Exclusivo: El primer capítulo de 'Origen', última novela de Dan Brown, este domingo en la edición impresa de La Prensa.

POETA, NOVELISTA Y PERIODISTA panameño

Homenaje a un ´gigante´

El creador de la columna ´En Pocas Palabras´, del diario ´La Prensa´ recibió, el domingo pasado, un reconocimiento en la Feria del Libro de Panamá.
Por su labor periodística, Sánchez Borbón recibió en 1986 el premio Maria Moors Cabot, de la Universidad de Columbia, Nueva York. LA PRENSA/Maydée Romero Sprang. Por su labor periodística, Sánchez Borbón recibió en 1986 el premio Maria Moors Cabot, de la Universidad de Columbia, Nueva York. LA PRENSA/Maydée Romero Sprang.
Por su labor periodística, Sánchez Borbón recibió en 1986 el premio Maria Moors Cabot, de la Universidad de Columbia, Nueva York. LA PRENSA/Maydée Romero Sprang.

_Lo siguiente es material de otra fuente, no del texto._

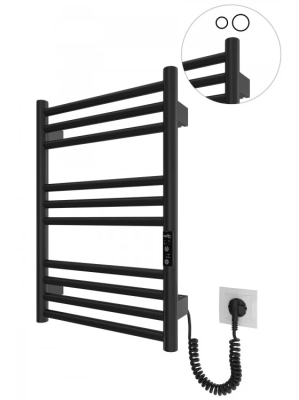 Электрический полотенцесушитель HF Greenwich 570х430 TR K черный мат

Al periodista y escritor Guillermo Sánchez Borbón, director emérito del diario La Prensa, le apenan los homenajes personales.

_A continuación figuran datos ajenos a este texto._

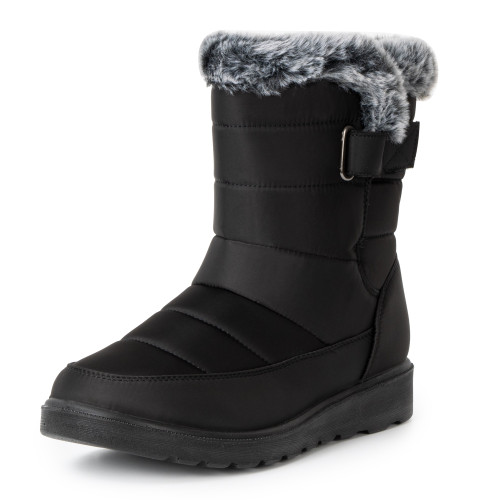 alpine swiss Alpine Swiss Lexie Womens Snow Boots Waterproof Faux Fur Warm Winter Comfortable Booties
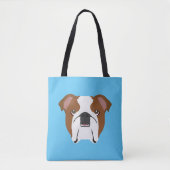 Engelse Bulldog Canvas tas (Voorkant)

Le pasa exactamente lo mismo a Tristán Solarte, seudónimo con el que este bocatoreño firmó clásicos como la novela El ahogado y el poemario Aproximación poética de la muerte.

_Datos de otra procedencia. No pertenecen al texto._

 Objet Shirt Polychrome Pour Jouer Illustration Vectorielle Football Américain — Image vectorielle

Dice que la vanidad no es lo suyo, y que “jamás me he creído mejor que nadie”.

Este maestro de las letras ha ganado en más de una ocasión el premio nacional de literatura Ricardo Miró, y ejerció el periodismo de opinión en la columna editorial de La Prensa “En Pocas Palabras”, a través de la cual luchó contra la dictadura militar y defendió la democracia en Panamá.

Por esto y más, Sánchez Borbón fue una de las personalidades de la novena Feria del Libro de Panamá, que concluyó con un homenaje al autor de la novela El guitarrista.

sus facetas

En la actividad, el periodista de La Prensa Daniel Domínguez Z., miembro del Comité Cultural de la Cámara Panameña del Libro 2013, señaló que se escogió a Sánchez Borbón como figura a distinguir porque como escritor es el responsable de obras “clave dentro de la historia de la literatura de América Latina del siglo XX”.

A continuación destacó al periodista y al investigador político, quien “demostró que las ideas valientes y la palabra impresa pueden hacer lo que parecía casi imposible: derrocar una dictadura militar que puso a la libertad en un rincón oscuro”.

Mientras, el periodista y dramaturgo Roberto Quintero manifestó que se siente en “deuda” con Guillermo Sánchez.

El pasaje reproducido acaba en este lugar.